The suspension of Bo Xilai from the top ranks of China's Communist Party has derailed the career of a “princeling” heir to a political dynasty.
Bo's father, Bo Yibo, was one of the founders of the People's Republic of China, and one of the eight leaders known as the “immortals” who steered Chinese politics away from the the legacy of Mao Zedong to the market-oriented reforms that have transformed China into an economic powerhouse.
The younger Bo joined the Communist Party in 1980 and rose rapidly through the ranks, holding posts as mayor of Dailan, governor of Liaoning province and commerce minister. In 2007, he was named leader of the southwestern city of Chongqing and ascended to membership in the 25-member Politburo.

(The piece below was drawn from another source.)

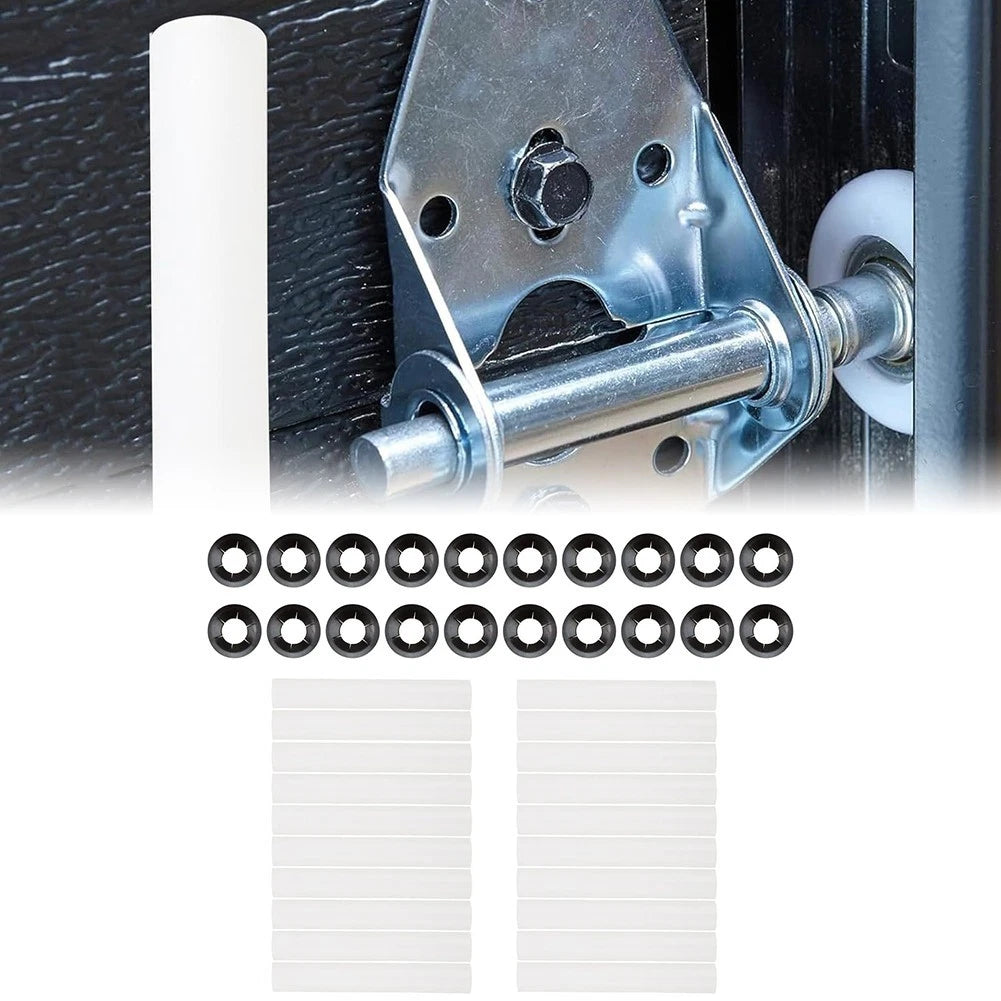 Set of 20 Garage Door Hinge Rollers for Rattling Reduction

Bo gained prominence when he and police chief Wang Lijun launched a crackdown on corruption in Chongqing, resulting in the arrests and convictions of scores of officials. His tenure was marked by strong support for state-owned enterprises, and he led a revival of Mao-era cultural themes and slogans aimed at re-instilling a socialist spirit.
Before becoming embroiled in a political scandal this year, Bo Xilai was thought to be a top candidate for elevation to China's all-powerful Politburo Standing Committee at this year's party congress, which will pick a new generation of Chinese leaders.